The lawsuit quotes the bank documents signed by the four defendants who haven’t paid. It reads each “absolutely and unconditionally guarantees full and punctual payment and satisfaction of Guarantor’s Share of the indebtedness of borrower to lender.”
“Lender may hire or pay someone else to help enforce this Guaranty, and Guarantor shall pay the costs and expenses of such enforcement,” reads another portion of the lawsuit quoting bank documents.
It also notes Easton, once a director of Play Ball who “seconded and voted on motions,” has a family member who loaned Play Ball money, and the nonprofit paid back that money.
Court documents say Gillette lent Play Ball $110,000 in 2000, and then $100,000 the following year, and he demanded and received full repayment.
“Play Ball utilized a portion of the loan which Gillette partially guaranteed to pay Gillette in full for his personal loans,” the document states.
It notes that for four years, none of the defendants “contest(ed) the validity of the Guaranty” each signed.
According to an earlier interview with Play Ball Missoula’s Wes Spiker, though, the defendants argue they were misled when they signed First Security Bank documents.
The late First Security Bank senior vice president Hal Fraser, who died more than a year ago, was one of the biggest advocates of community projects such as the ballpark. Spiker earlier said the group of four claims Fraser told them the loan guaranties were only a formality and the bank would never call in the notes; thus, their refusal to pay.

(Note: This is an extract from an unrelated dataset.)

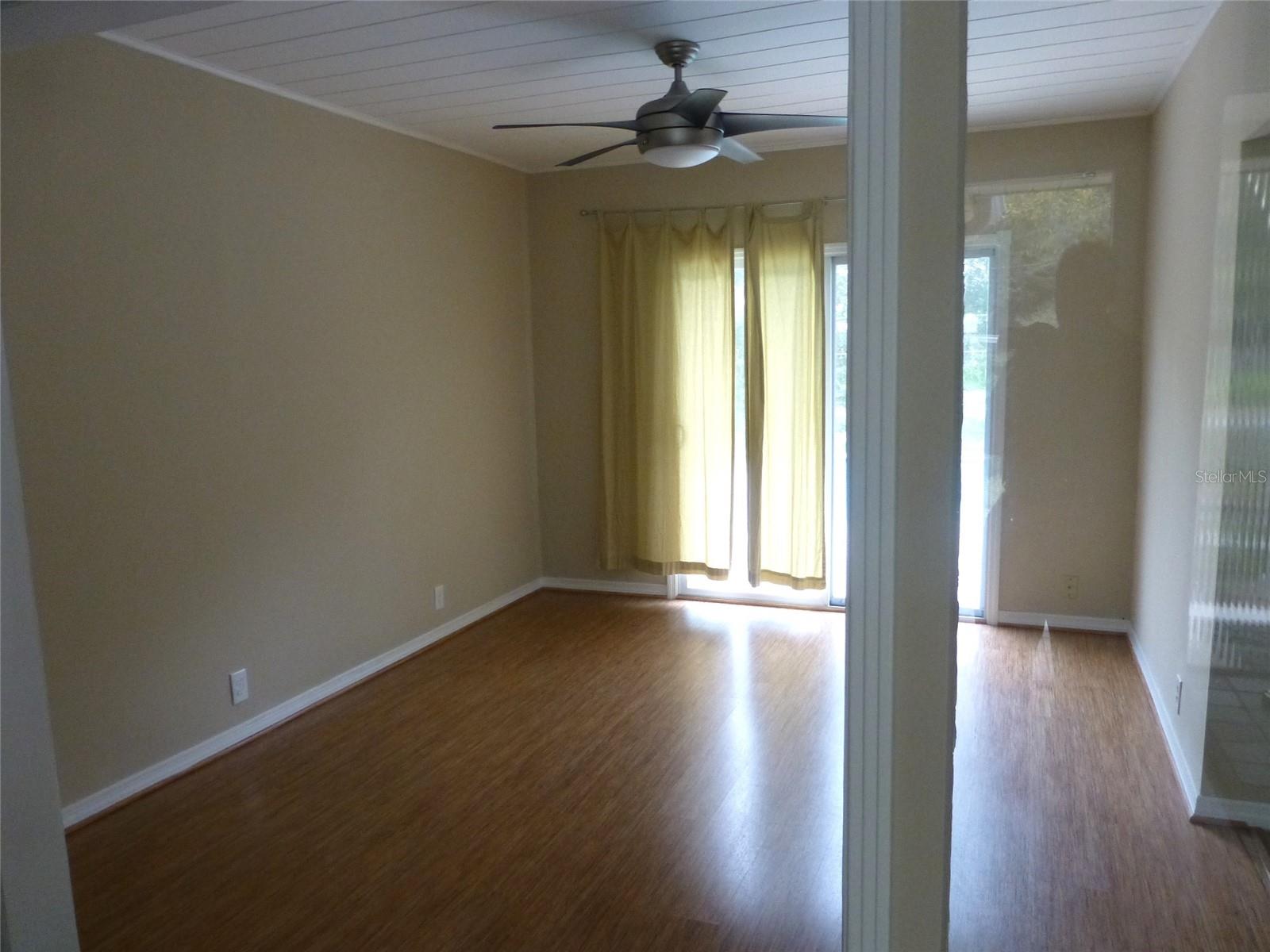 Image 3 of 21 For 513 Carolyne Street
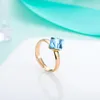 Kluster ringar mode blå / vit österrikisk kristall för kvinnor guld färg justerbar bröllop band ring fest smycken flickor gåvor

Court documents, however, note defendants signed bank documents “in triplicate” and were “of sound mind and capable of contracting” when they did so. It also notes the businessmen received public recognition for securing the loan.
“By way of example only, and without limitation, (defendants are) listed by name on a large ‘Field of Donors’ plaque that is publicly displayed in Missoula’s Civic Stadium,” read court documents.